There is, of course, no true spinning or interweaving of threads in the process, but parallel silken lines are produced, varying in number according to the special purpose for which they are designed, and sometimes adhering more or less to one another on account of their viscidity and closeness.
The silk is utilised in many ways, serving for the construction of snares, nests, and cocoons, as well as for enwrapping the captured prey, and for anchoring the spider to a spot to which it may wish to return.
Spiders may be roughly distinguished as sedentary or vagabond, the former constructing snares, and the latter chasing their prey in the open. We will first consider the various forms of snare, beginning with that characteristic of the Epeiridae.
The Circular Snare.—This familiar object, sometimes spoken of as the orb-web or wheel-web, is always the work of some spider of the Family Epeiridae.
The accuracy and regularity of form exhibited by these snares has caused their architects to be sometimes called the geometric spiders. The ingenuity displayed by them has always excited the admiration of the naturalist, and this is increased on closer observation, for the snares are in reality even more complex than they appear at first sight.

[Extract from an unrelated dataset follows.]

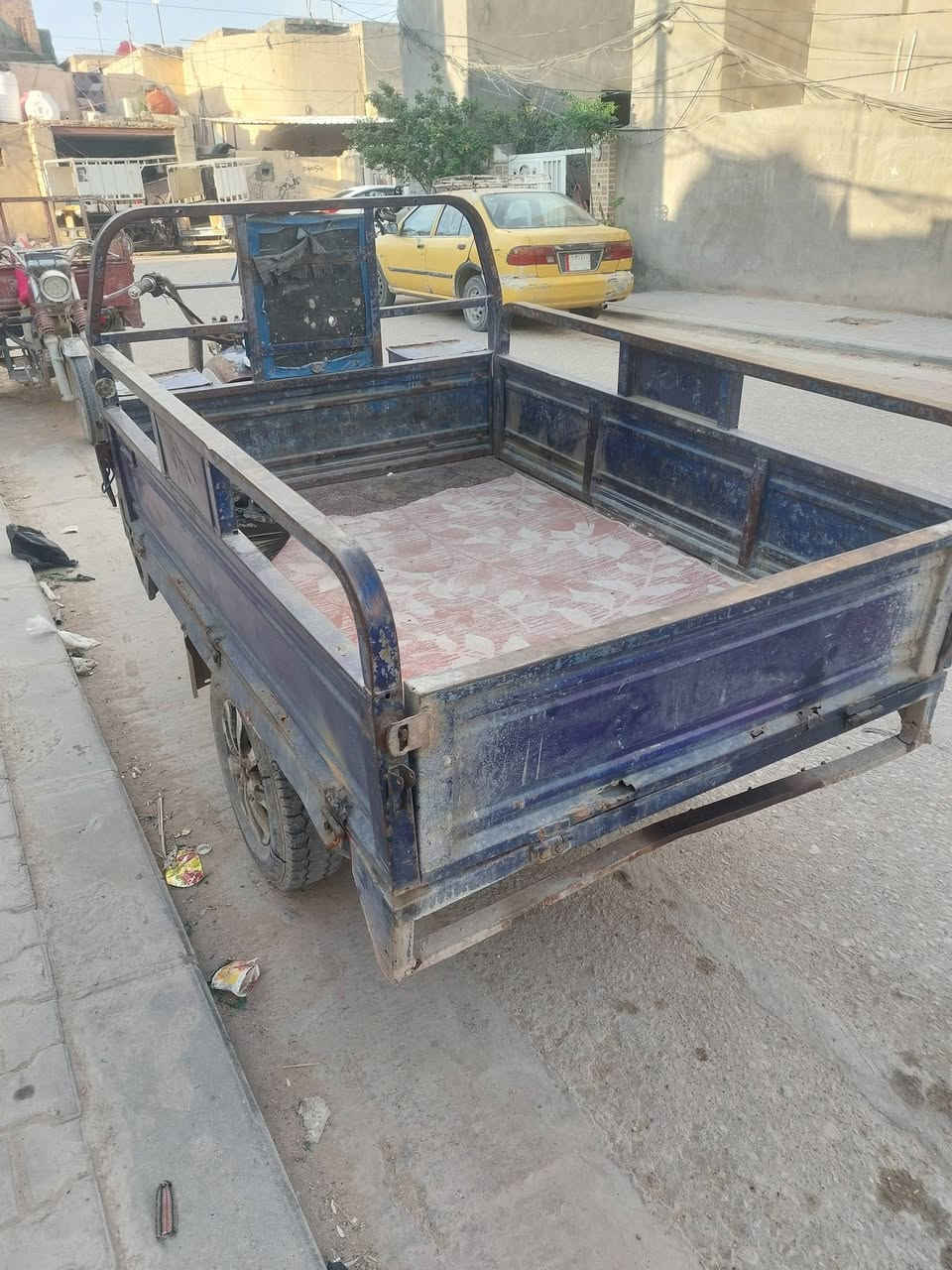 السلام عليكم ستوته جمره للبيع اوراق استنساخ ستوته بها لحيم بالركبه السعر 550 وبيهال عنوان النجف حي الميلاد ***********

The first care of the spider is to lay down the foundation threads which are to form the boundary lines of its net. If the animal can reach the necessary points of attachment by walking along intervening surfaces the matter is comparatively simple. The spinnerets are separated and rubbed against one of the points selected, and the spider walks away, trailing behind it a thread which it keeps free from neighbouring objects by the action of one of its hind legs. On reaching another desirable point of attachment the line is made taut and fixed by again rubbing the spinnerets against it. By a repetition of this proceeding a framework is presently constructed, within which the wheel or orb will ultimately be formed.
The process of fixing and drawing out a line can be conveniently watched in the case of a Spider imprisoned in a glass vessel, and it will be seen, by the aid of a lens, that a large number of very fine lines starting from the point of attachment seem to merge into a single line as the Spider moves away. This has given rise to the prevalent and very natural idea that the ordinary spider’s line is formed or “woven” of many strands. This, however, is not the case,[[272]] for the fine attachment-lines are not continued into the main thread, but only serve to anchor it to the starting-point.
As has been said, the spider can throw into play a varying number of spinning tubes at will, and in point of fact those used in laying down these foundation-lines are either two or four in number. The spider, however, often finds it necessary to strengthen such a line by going over it afresh.
Every one must have noticed that orb-webs frequently bridge over gulfs that are clearly quite impassable to the spider in the ordinary way. They often span streams—and Epeirid spiders cannot swim—or they are stretched between objects unattainable from each other on foot except by a very long and roundabout journey. When this is the case, the animal has had recourse to the aid of the wind. A spider of this family placed on a stick standing upright in a vessel of water is helpless to escape if the experiment be tried in a room free from draughts. With air-currents to aid it, silken streamers will at length find their way across the water and become accidentally entangled in some neighbouring object. When this has happened, the spider hauls the new line taut, and tests its strength by gently pulling at it, and if the result is satisfactory, it proceeds to walk across, hand-over-hand, in an inverted position, carrying with it a second line to strengthen the first. This is exactly what happens in nature when a snare is constructed across chasms otherwise impassable, and it may be imagined that the spider regards as very valuable landed property the foundation lines of such a web, for, if destroyed, the direction or absence of the wind might prevent their renewal for days. They are accordingly made strong by repeated journeys, and are used as the framework of successive snares, till accident at length destroys them.
A single line which finds anchorage in this way is sufficient for the purposes of the spider. It has only to cross over to the new object, attach a thread to some other point of it, and carry it back across the bridge to fix it at a convenient spot on the surface which formed the base of its operations. Between two such bridge-lines the circular snare is constructed in a manner to be presently described. Sometimes the tentative threads emitted by the spider travel far before finding attachment. In the case of the English Epeira diademata the writer has measured bridge-lines of eleven feet in length; and with the great Orb-weavers of tropical countries they frequently span streams several yards in width.